Трагический эксперимент. Книга 7 - страница 23



Конечно, сотрудники Эрмитажа сопротивлялись распродажам, нередко рискуя не только свободой, но и жизнью. Для этого они использовали разные способы. Иногда, пользуясь художественной безграмотностью работников «Антиквариата», музейщики отдавали им не те полотна, которые те требовали, а похожие.

Были и другие ухищрения. Но когда люди из «Антиквариата» вооружались каталогом фирмы «Липке», где каждый предмет из коллекции Эрмитажа имел не только наименование, но и инвентарный номер, противостоять этому было невозможно.

Тогда в ход пошли письма самому высокому начальству. В 1932 году директор Эрмитажа Борис Легран предложил своему заместителю Иосифу Орбели написать Сталину пистьмо с просьбой оградить от распродажи сектор Востока Эрмитажа.
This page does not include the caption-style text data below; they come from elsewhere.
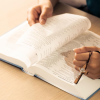 A man reading the Bible, who is part of a study group with Second Chance at Life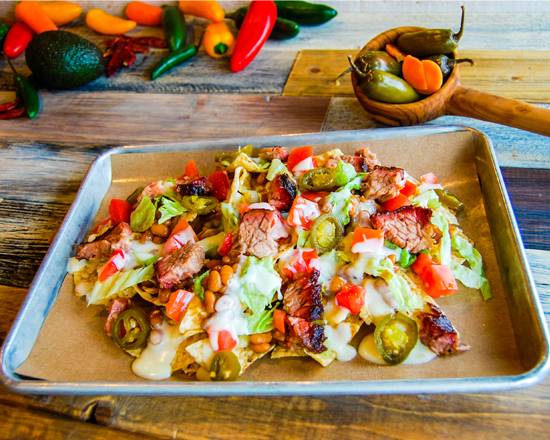 Order Nachos food online from Bar-b-Cutie store, Nashville on bringmethat.com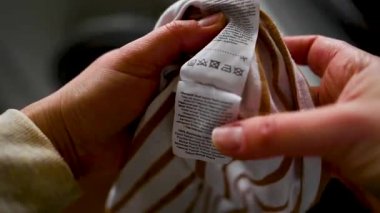 Çamaşır makinesinin yanındaki giysi hakkında dikkatli semboller ve bilgi içeren etiket okuyan kadın, yakın plan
Легран отправил это послание через секретаря ЦИК Авеля Енукидзе, которого хорошо знал.

Енукидзе в тот период был у вождя в фаворе. Не знаю, это ли сыграло свою роль или какие-либо иные факторы, но вскоре из Кремля пришёл положительный ответ, который музейщики Эрмитажа использовали как охранную грамоту для восточной коллекции.

Но главный удар распродаж был нанесён не восточному искусству, а западноевропейскому. И тут защиты от посягательств сотрудников «Антиквариата» не имелось, хотя после ответа Сталина на письмо Орбели сотрудники Эрмитажа пытались отнести к сектору Востока многие предметы западноевропейского искусства. Но однажды заведующая отделом Запада Татьяна Лиловая случайно увидела на столе одного из руководителей «Антиквариата» список эрмитажных реликвий, готовившихся к продаже за границу.

Среди них были «Мадонна Бенуа» Леонардо да Винчи (это единственная его работа, хранящаяся в нашей стране!), «Хозяйка и служанка» Питера де Хоха, «Юдифь» Джорджоне (это тоже единственная его картина в России) и ещё несколько шедевров аналогичного уровня. Лиловая от увиденного пришла в ужас и написана ещё одно письмо Сталину.

Текст она сформулировала, умело используя в нём официозную советскую риторику, написав, что лишить Эрмитаж и страну этих картин равносильно тому, что вычеркнуть имя Сталина из истории партии. Отклика не последовало.

В 1933–1934 годах эти позорные заграничные распродажи постепенно прекратились. К тому времени мировая экономика ещё не оправилась от Великой депрессии. В условиях низких цен на драгоценные металлы и антиквариат больших доходов от этих распродаж не было, но, как мы уже говорили, они приносили нашей стране тяжелейший репутационный ущерб на международной арене. Кроме того – и это главное – пропала необходимость. Страна всё же выбралась из разрухи 1920‑х.

В истории известны случаи, когда императоры или министры продавали части свои коллекций. Подчеркнём – своих, не государственных. Но всегда, и в дореволюционной России в том числе, считалось, что покупка художественных ценностей, сокровищ искусства – признак могущества государства.

Именно этим принципом руководствовалась Екатерина Великая, когда после Семилетней войны купила в Германии коллекцию картин, чтобы «утереть нос» Фридриху II, который изначально намеревался их приобрести, но не смог из-за оскудения казны. Русская казна тоже была пустоватой в тот момент, но императрица прагматично решила, что эффект от покупки дороже денег. И она оказалась права.

Кстати, именно это собрание стало «закладным камнем» основанного ею в 1764 году Эрмитажа. Вот такая историческая антитеза – Екатерина в сложный период для страны покупала искусство на Западе, а большевики в период кризиса его туда продавали.